Eclairages théoriques
- Approche systémique (une place pour chacun et chacun à sa place ; interdépendance des acteurs entre eux, organigramme et sociogramme)
- Théorie de l’organisation avec répartition des missions, rôles, fonctions – travail sur la fiche de poste – conditions d’une délégation – régulation relationnelle pour une fonction « production » efficace
- Accompagnement du changement
- Question de la légitimité que chaque acteur s’accorde ou non à dire
- Posture d’observation et outils d’analyse pour une régulation managériale
- Fonctionnement « psychologique » selon les profils de personnalité, ici celle de Lydie, réactivant probablement un (terrifiant) sentiment de toute puissance qui appartiendrait à son histoire
Axes et préconisations
- À chacun des acteurs de s’accorder la légitimité à sa place de « dire », de se confronter et d’imposer naturellement la compétence et autorité qui est la sienne, bref à chacun des acteurs de ne pas s’installer – de ne pas « couvrir » – quelque chose qui ne lui va pas, qui ne semble pas dans l’ordre des choses et qui irait a contrario de l’intérêt des enfants accueillis et de leurs familles ; à chacun d’en « dire quelque chose », dans des mots entendables, en engageant sa position.
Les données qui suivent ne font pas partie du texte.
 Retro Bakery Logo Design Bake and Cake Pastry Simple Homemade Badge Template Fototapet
- À l’équipe de direction :
- De retravailler les fiches de postes de chacune des secrétaires et de clarifier les missions de chacune et une organisation interne communiquée
- D’accompagner la réalisation des missions en régulant le climat relationnel (après observation en direct pour vérification et nuances des hypothèses d’analyse)
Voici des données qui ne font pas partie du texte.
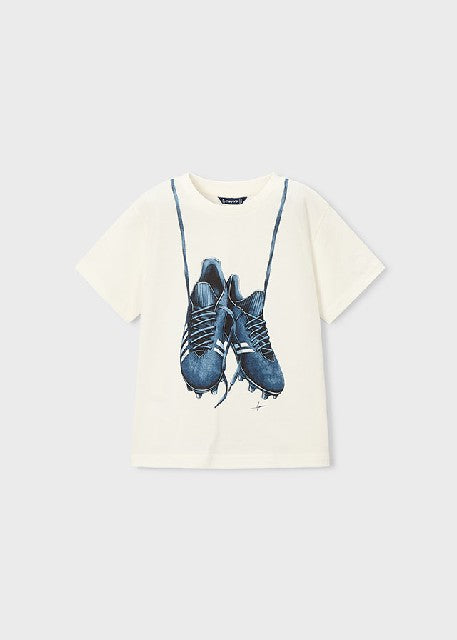 Camiseta m/c zapatillas       Nata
- D’accompagner individuellement Lydie à « entendre » quelque chose de ces « dérives » (répondre aux parents en direct, transmission de certaines informations confidentielles, fonctionnement au favoritisme) et de l’aider à retrouver sa place en contenant ses débordements
- À Lydie d’ «entendre» quelque chose de son fonctionnement propre, d’analyser ce qui a pu se jouer dans le contexte ambiant, quitte à bénéficier de quelques entretiens personnalisés avec un professionnel externe qui l’aide à « apprendre » de ses dérives, et à cheminer du côté d’une sérénité et efficacité professionnelle à sa juste place.